**Input**
Start of Block

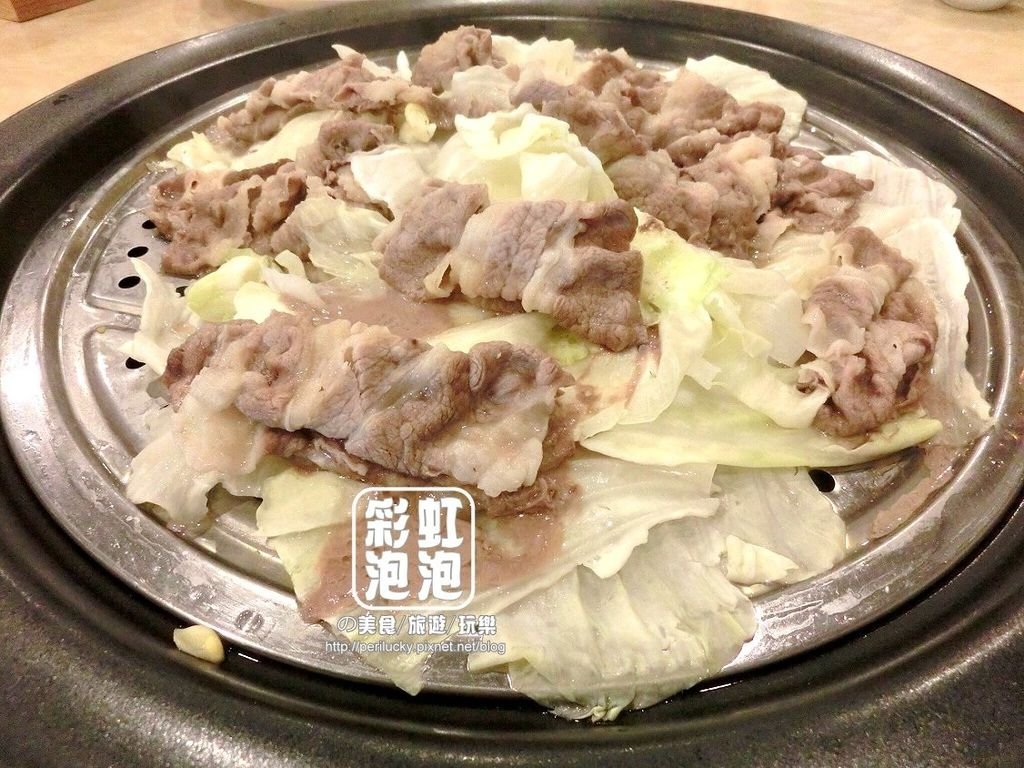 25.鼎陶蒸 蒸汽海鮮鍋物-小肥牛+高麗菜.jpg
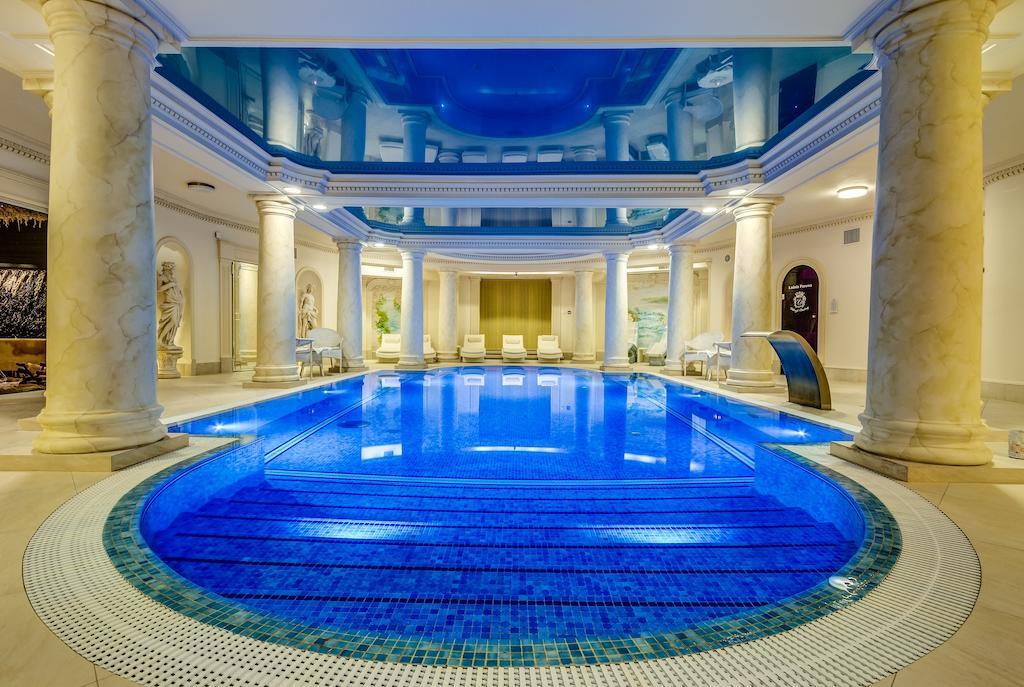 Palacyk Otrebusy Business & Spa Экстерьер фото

End of Block
Start of Block

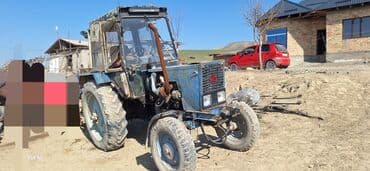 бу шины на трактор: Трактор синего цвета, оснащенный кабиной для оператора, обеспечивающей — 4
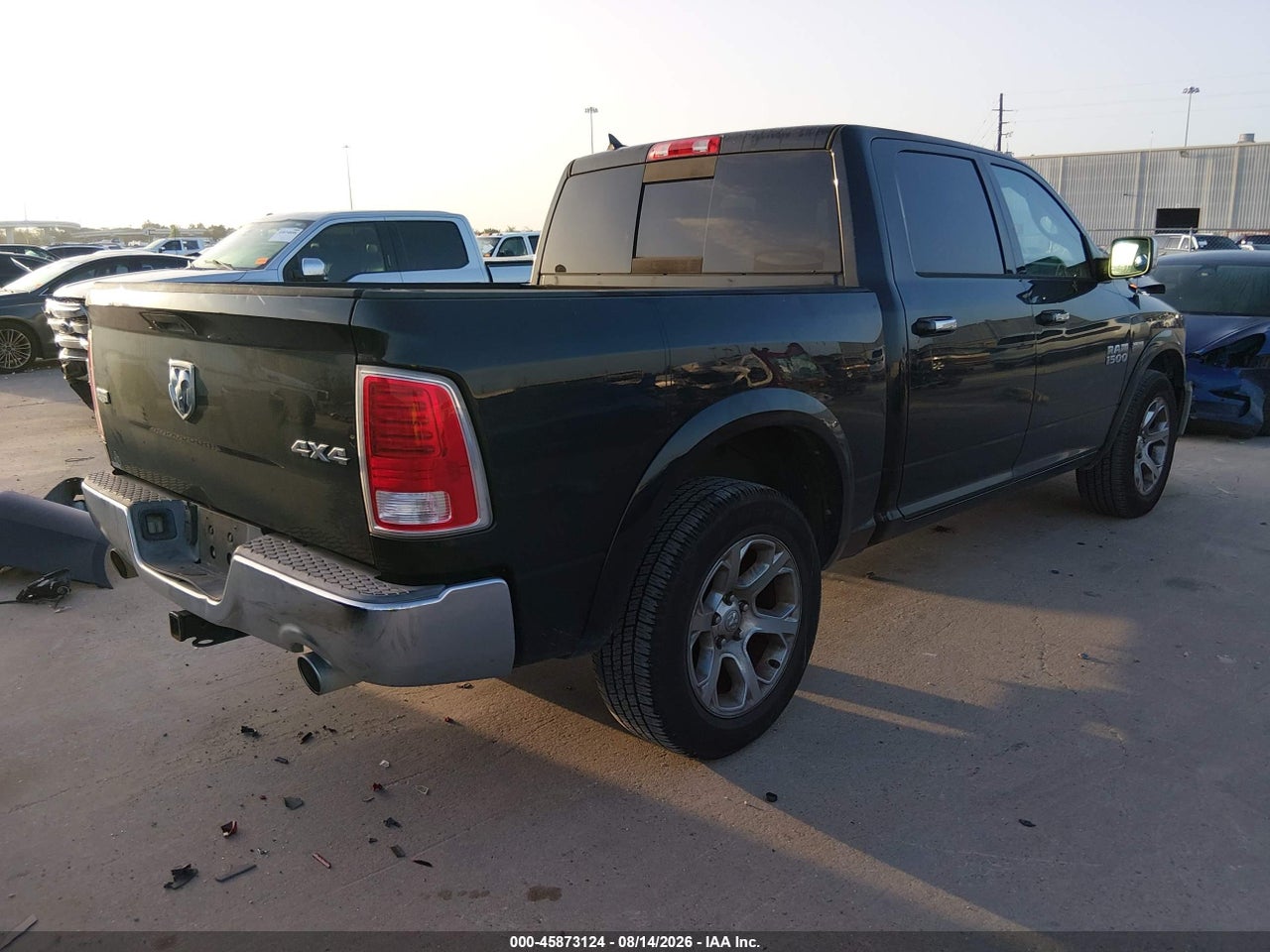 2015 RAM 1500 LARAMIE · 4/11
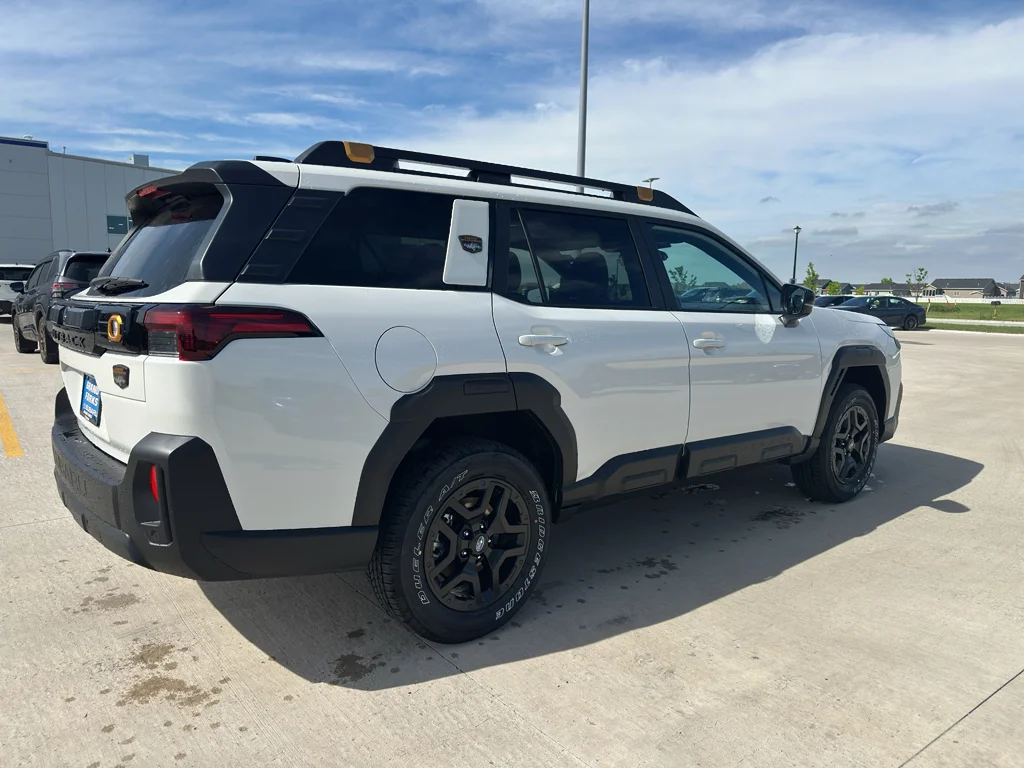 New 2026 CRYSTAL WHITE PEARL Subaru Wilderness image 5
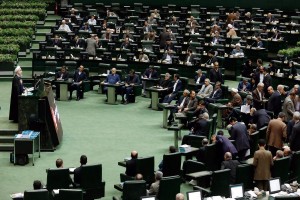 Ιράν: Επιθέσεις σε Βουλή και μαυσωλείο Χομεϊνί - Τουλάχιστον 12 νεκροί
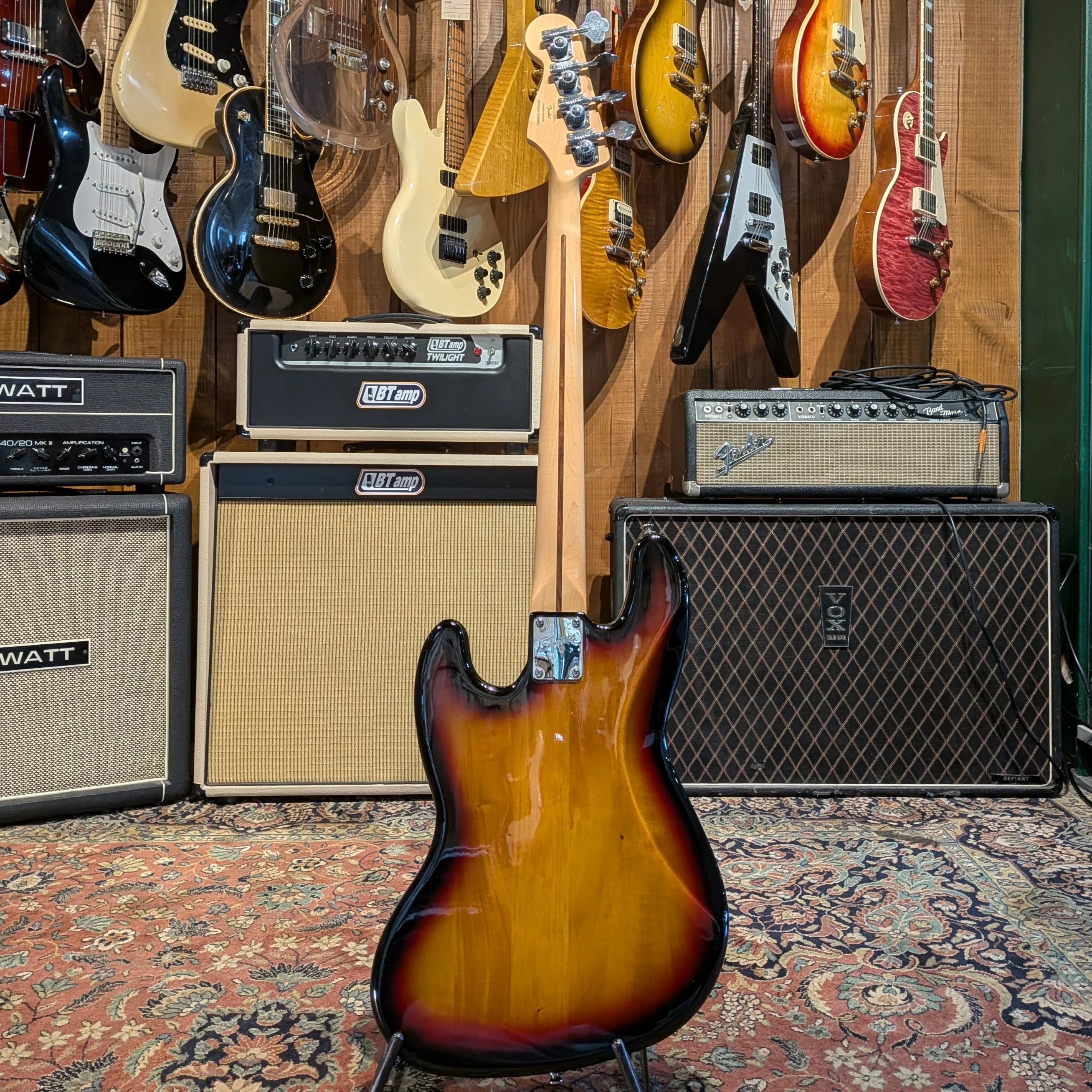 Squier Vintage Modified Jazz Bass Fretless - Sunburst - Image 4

End of Block

Each line from the one that contains "Ιράν: Επιθέσεις σε" down to the one that contains "Squier Vintage Modified" is to be returned exactly as it stands above, both ends included, with pictures removed.

**Answer space**
 Ιράν: Επιθέσεις σε Βουλή και μαυσωλείο Χομεϊνί - Τουλάχιστον 12 νεκροί
 Squier Vintage Modified Jazz Bass Fretless - Sunburst - Image 4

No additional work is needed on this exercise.